Bozinovski, “Kamuoyu anketleri sürekli olarak parti sıralamalarının hafif değiştiğini ve başka bir erken seçim yapıldığı takdirde önemli bir değişiklik olmayacağını gösteriyor.” diyor.
VMRO-DPMNE 2006 yılında iktidara gelmesinden bu yana iki yılda bir erken seçim gördü ve art arda altı seçim zaferi yaşadı.
Muhalefet, Mart ayında yapılması planlanan yerel seçimlerle birlikte yeni bir seçimi kabul ettiğini açıkladı.
Ancak muhalefetteki Liberal Demokrat Parti’nin Genel Başkanı Andrej Zernovski, iktidardaki Arnavut partisinin VMRO-DPMNE’yi iktidardan indirmek için yeni bir meclis çoğunluğu oluşturmak üzere muhalefete de katılabileceğini söylüyor.
Sonja Kramarska‘ya göre, erken seçim düzenlemek için tek bir koşul bile sağlanmış değil ve muhalefet, ilkeli görünmek için buna ‘hayır’ demeli.
Kramarska, “Gerçek şu ki, parlamento düzenli olarak toplanıyor, hükümet diğer kurumların yaptığı gibi işliyor ve kamuoyu anketleri vatandaşların partilere yönelik tercihlerinde önemli değişiklikler göstermiyor.” diyor.
Kramarska, “Makedon toplumu, Arnavutların her hükümetin parçası olduğunu ve onlarla ilişkilerin işlevsel bir seviyede sürdürülmesi gerektiğini bilecek kadar deneyime sahiptir.” diye ekliyor.

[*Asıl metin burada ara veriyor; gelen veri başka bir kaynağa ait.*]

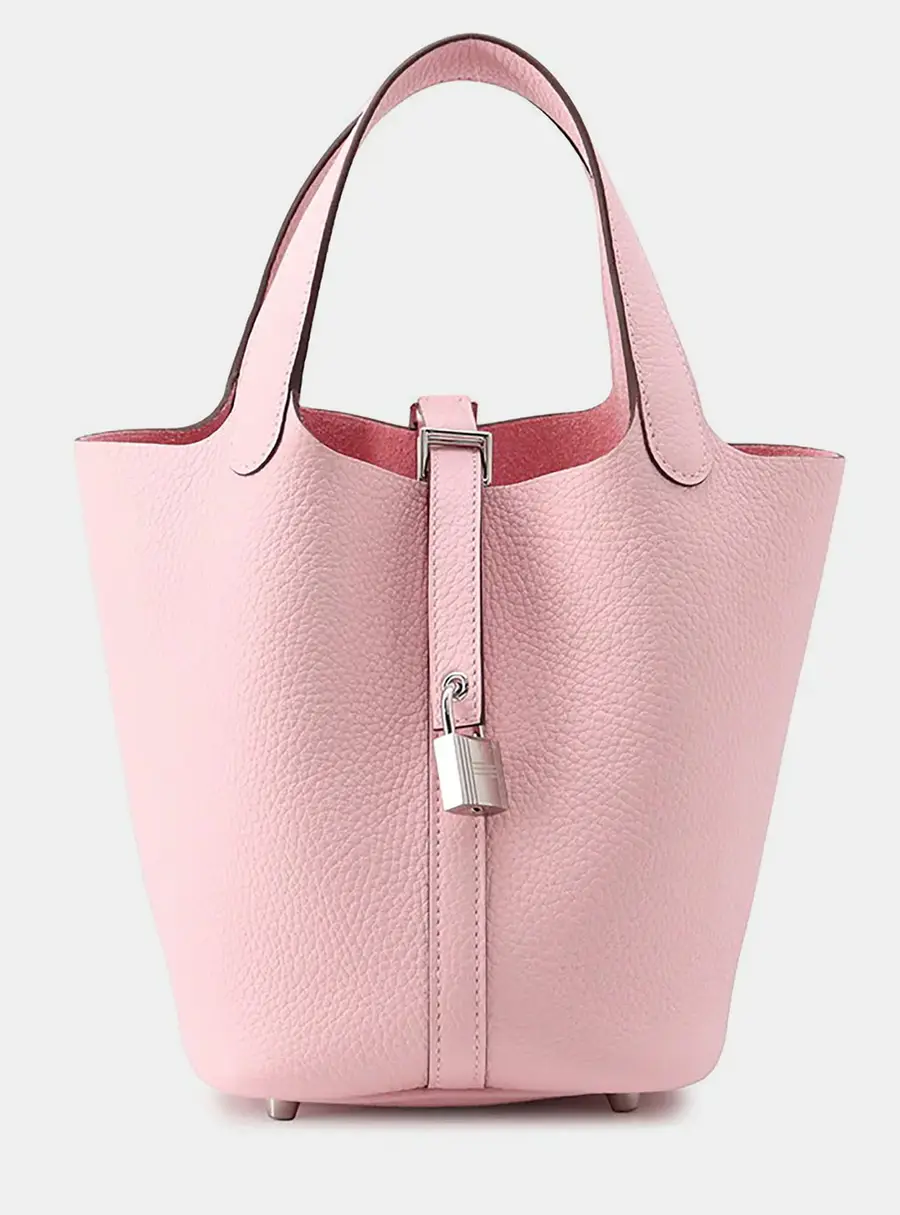 Hermes Picotin Lock PM Rose Sakura Taurillon Clemence Leather Top Handle Bag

Mirka Velinovska ise, “yeni bir meclis çoğunluğu ya da erken seçimlerle” çözülebilecek bir kurumsal krize yol açmak için, ihtilaf hesapları yapıldığını söylüyor.
Velinovska, erken seçim olasılığı gerçekçi olmakla birlikte, seçmenlerin daha önceki seçimleri daha da büyük bir kararlılıkla doğrulayacağını söylüyor. “Artık söz konusu olan VMRO-DPMNE ve yönetimi değil, daha çok Makedon halkının çoğunluğunun seçim iradesine saygı gösterilmesi.”

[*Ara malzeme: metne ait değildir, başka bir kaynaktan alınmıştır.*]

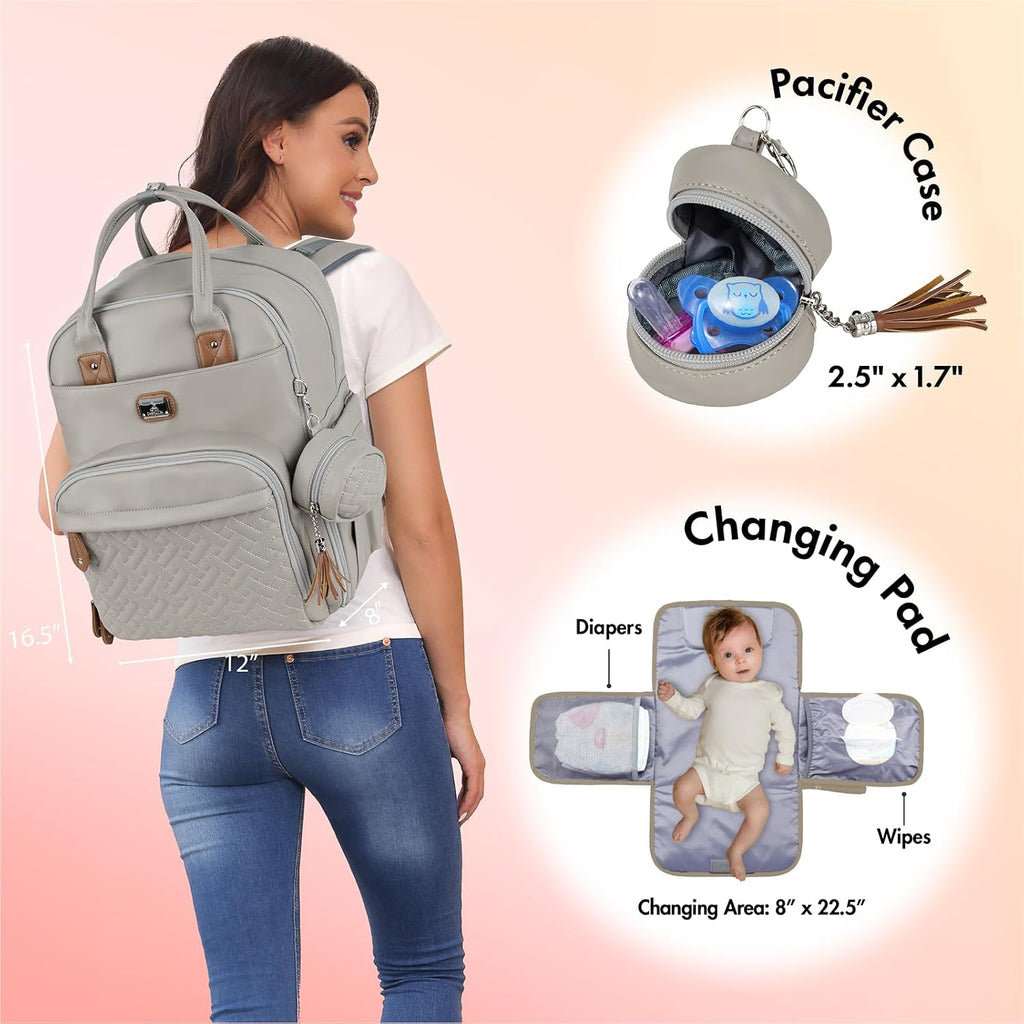 Leather Diaper Bag Backpack with Portable Changing Pad,Baby Bags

Velinovska, 2001 sonrası Makedonya’da, birisinin -çoğunlukla şantaj ve istikrarsızlığa neden olan- bir Arnavut partisi olması gereken iki seçim galibinin koalisyon kurmasını zorunlu hale getiren, yazılı olmayan bir kural olduğunu belirtiyor.

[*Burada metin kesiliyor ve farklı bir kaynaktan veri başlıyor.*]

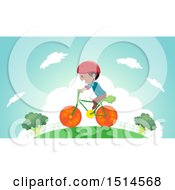 Clipart Of A Boy Riding A Vegetable Bike Royalty Free Vector Illustration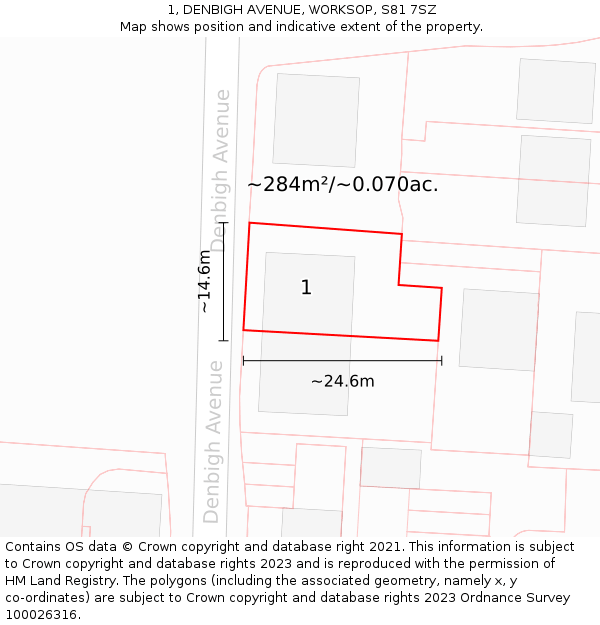 1, DENBIGH AVENUE, WORKSOP, S81 7SZ: Plot and title map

“Böyle bir duruma en çok katkıda bulunan şey de, çerçeve anlaşması denen bir araç …. kalıcı kurumsal krize neden olan ve anayasada düzeltilmesi gereken yerleşik bir hatadır.” diyen Velinovska şöyle devam ediyor: “Seçimleri kaybeden Sosyal Demokrat Birliği ile seçim sürecinin dışında bir koalisyonu kabul eden Ahmeti, bu kuralı etkili şekilde reddederek …. Gruevski’nin serbestçe hareket etmesine olanak sağlayacaktır.”
Dimitar Mircev’e göre, erken seçimler Makedon siyaset sahnesini gerçek anlamda yeniden yapılandırmak ve sorunları çözmek yerine, durumu daha da dramatize etmeye yarayacak.
Mircev, “Gereğinden fazla hükümet değişikliğinin net etkisi, Makedonya’nın Avrupa-Atlantik entegrasyonunu yavaşlatmak ve uluslararası ortaklar, yatırımcılar ve kurumlarla ilişkileri kötüleştirmek olacaktır.” diyor.
“Seçimlerin düzenlenmesinden parlamentonun dağılmasına, yeni hükümetin kurulmasına kadar tüm süreç, “zamanın donduğu” bir dönem olacaktır. Doğal olarak da AB, bunu uyumlu hale getirecek bir hükümet olmadan önemli kararlar almayacaktır.”